Machine learning algorithms are often re-trained on data collected during operation to adapt to changes in the underlying data distribution. For instance, intrusion detection systems (IDSs) are often re-trained on a set of samples collected during network operation. Within this scenario, an attacker may poison the training data by injecting carefully designed samples to eventually compromise the whole learning process. Poisoning may thus be regarded as an adversarial contamination of the training data. Examples of poisoning attacks against machine learning algorithms including learning in the presence of worst-case adversarial label flips in the training data can be found in the following reference links.[22][23][28][31][32] Adversarial stop signs (stop signs that look normal to the human eye but are classified as non-stop signs by neural networks) are primary examples of poisoning attacks.[33]

Attacks against clustering algorithms[edit]

Clustering algorithms have been increasingly adopted in security applications to find dangerous or illicit activities. For instance, clustering of malware and computer viruses aims to identify and categorize different existing malware families, and to generate specific signatures for their detection by anti-viruses or signature-based intrusion detection systems like Snort.

However, clustering algorithms were not originally devised to deal with deliberate attack attempts that are designed to subvert the clustering process itself. If clustering can be safely adopted in such settings, this remains questionable.[34]

Secure learning in adversarial settings[edit]

A number of defense mechanisms against evasion, poisoning, and privacy attacks have been proposed in the field of adversarial machine learning, including:

  • The definition of secure learning algorithms[7][35][36]
  • The use of multiple classifier systems[6][37]
  • Having AIs write their own algorithms.[20]
  • Having AIs explore the training environment; for example, in image recognition, actively navigating a 3D environment rather than passively scanning a fixed set of 2D images.[20]
  • The study of privacy-preserving learning[23][38]
  • Ladder algorithm for Kaggle-style competitions
  • Game theoretic models for adversarial machine learning and data mining[39]
  • Sanitizing training data from adversarial poisoning attacks


Some software libraries are available, mainly for testing purposes and research.

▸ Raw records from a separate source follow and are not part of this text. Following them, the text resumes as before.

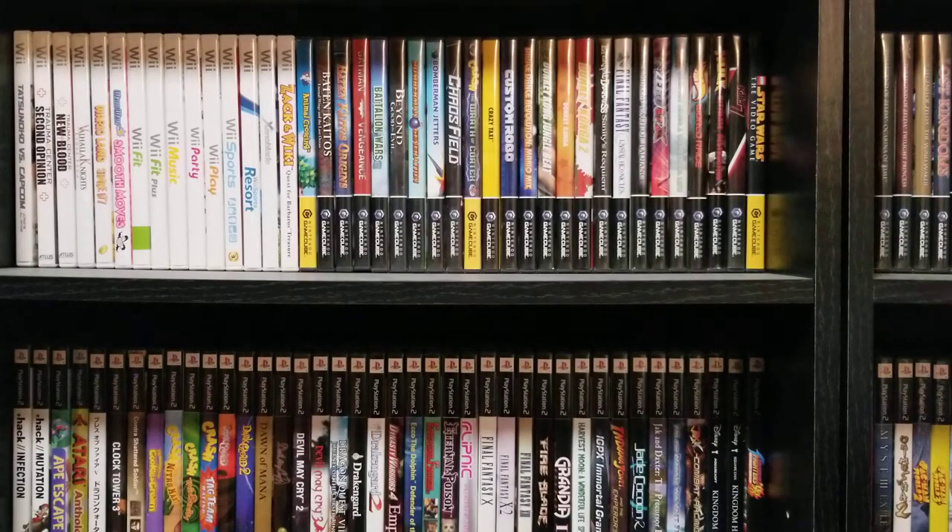The Vita came out in late 2011 — December 2011 in Japan and February 2012 in the United States. So in the US it came out about almost a year after the 3DS came out. The 3DS had already kind of gone through its growing pains phase where that thing was not doing so well in the first year. But it started really picking back up once they dropped the price — it was $250 when the 3DS originally came out, which is kind of crazy for a handheld. They dropped that price pretty fast and got Mario Kart 7 and Mario 3D Land out.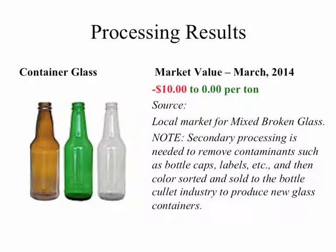This slide depicts glass containers. The glass, when it comes to the recycling facility, is actually broken, but we're showing the full glass containers here to depict glass containers. The colors are typically amber, green, or clear. The market value of mixed broken glass recovered from a recycling facility as of March 2014 is anywhere between a negative $10 to $0 per ton.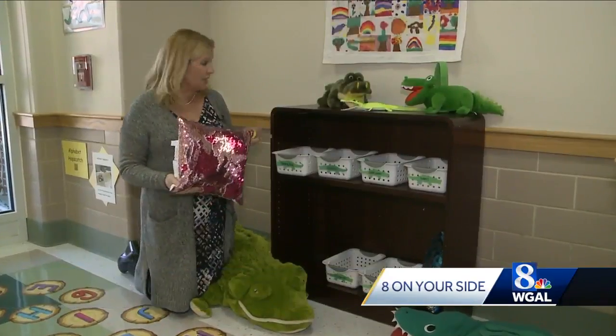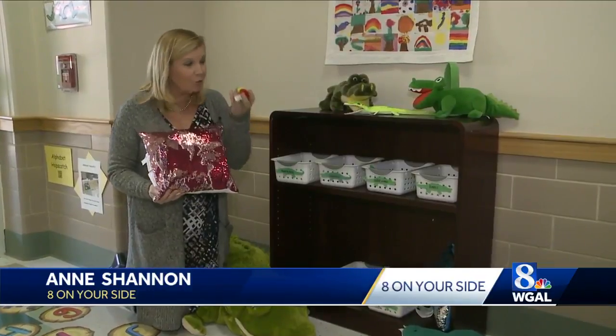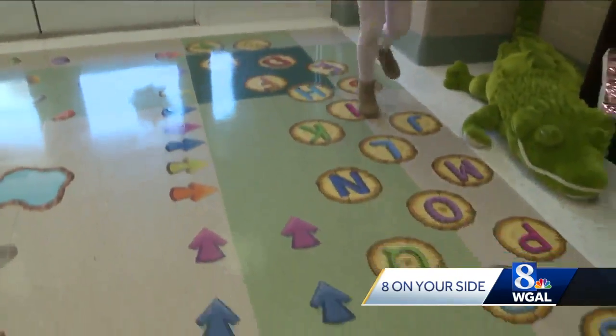Along with the sensory path, students can come over here and enjoy this part of the Gator Den. It features lots of really cool items so they can connect with all of their senses. It works because it gives them a break, and they can do some more hopscotch.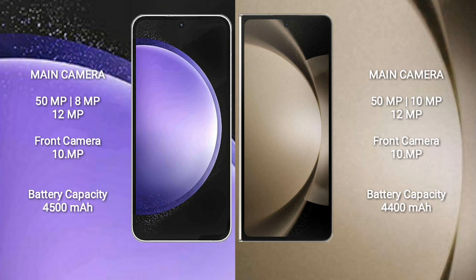The Samsung Galaxy S23 FE has a 4500mAh battery with 25W fast charging support. The Samsung Galaxy Z Fold 5 has a 4400mAh battery with 25W fast charging support.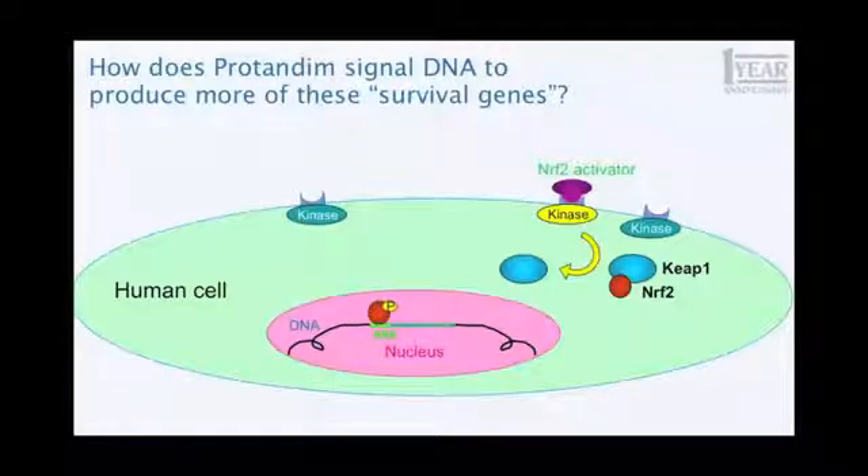This may seem like hand-waving or a fantasy, but every step of this is true — it's simplified a little bit. If I showed you the real science, you'd probably have trouble following it. But that's what happens. The analogy is not much different than somebody ringing your doorbell: you get up, answer the door, it tells you to go to the kitchen, and you enter that room of the house. And once in there, you can turn on switches — that's what Nrf2 does.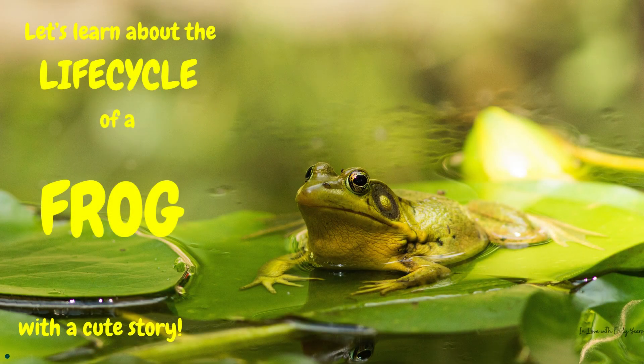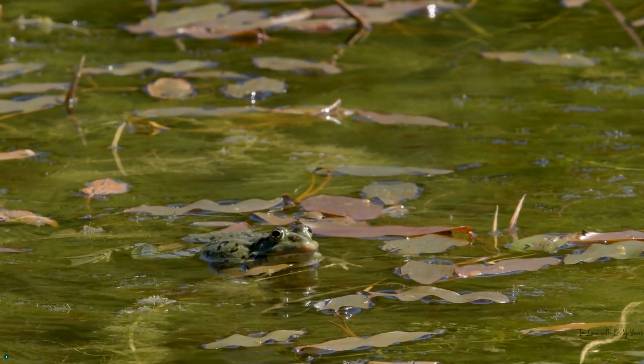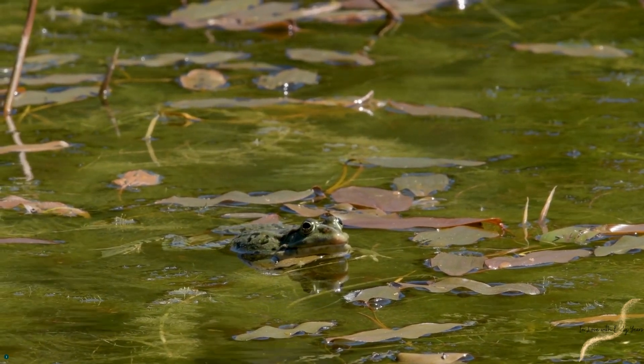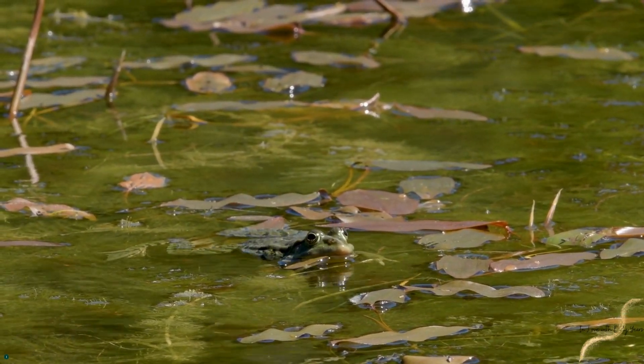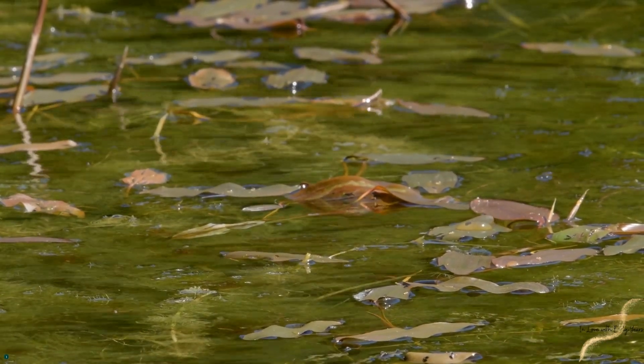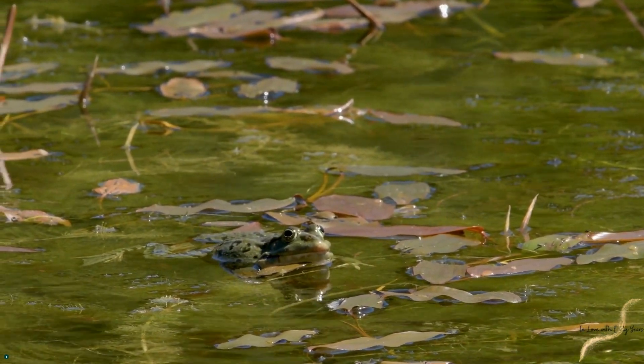Let's learn about the life cycle of a frog with a cute story. Once upon a time in a magical pond there lived a tiny frog called Freddy. Let's follow his journey as he grows up.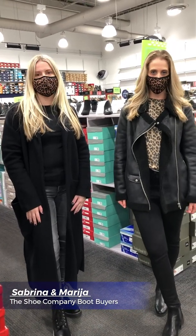Hi, my name is Sabrina. I'm Maria. And we are the boot buyers for The Shoe Company. Today we're inside Vaughan Mills to answer some of your questions about our new fall arrivals. Let's get started.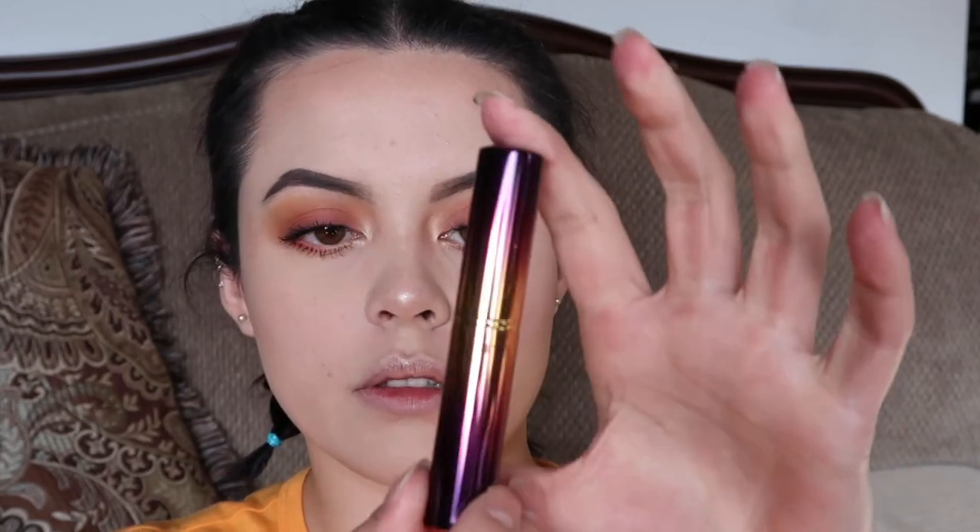I'm finishing it off with this Tarte lipstick in the shade Cabana Boy, and then in the center I'm going to put a little bit of Chi from ColourPop.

  • AdversariaLib - includes implementation of evasion attacks
  • AdLib - Python library with a scikit-style interface which includes implementations of a number of published evasion attacks and defenses
  • AlfaSVMLib - Adversarial Label Flip Attacks against Support Vector Machines[40]
  • Poisoning Attacks against Support Vector Machines, and Attacks against Clustering Algorithms
  • deep-pwning - Metasploit for deep learning which currently has attacks on deep neural networks using Tensorflow.[41] This framework currently updates to maintain compatibility with the latest versions of Python.
  • Cleverhans - A Tensorflow Library to test existing deep learning models versus known attacks
  • foolbox - Python Library to create adversarial examples, implements multiple attacks
  • SecML - Python Library for secure and explainable machine learning - includes implementation of a wide range of ML and attack algorithms, support for dense and sparse data, multiprocessing, visualization tools.

Past events[edit]

See also[edit]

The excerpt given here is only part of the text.